In 1682 he achieved a certain fame by solving a problem which had been publicly posed by Jacques Ozanam. JeanBaptiste Colbert, the controller general of finance and secretary of state for the navy under King Louis XIV of France, rewarded Rolle for this achievement. Colbert arranged a pension for Rolle which started him on the road to financial security, but there were other equally important consequences [6]:
Of equal importance with the financial benefits to which Rolle's prize led, was the fact that it brought him to the notice of Louvois who happened to be looking for someone to teach mathematics to one of his sons. Rolle was hired by Louvois, who came to be greatly impressed by his pedagogic and mathematical skills.

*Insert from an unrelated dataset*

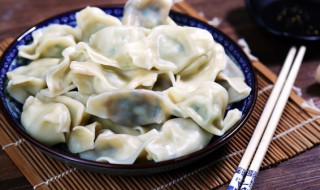 哺乳期吃韭菜馅饺子行吗 哺乳期可以吃韭菜饺子吗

From 1783 onwards Louvois was in a position to confer further scientific patronage on his protégé and did so when he made Rolle a member of the Académie in 1685.
The problem which Rolle solved was posed in the Journal des sçavans on 31 August 1682 by Jacques Ozanam; it was the following:
Find four numbers the difference of any two being a perfect square, in addition the sum of the first three numbers being a perfect square.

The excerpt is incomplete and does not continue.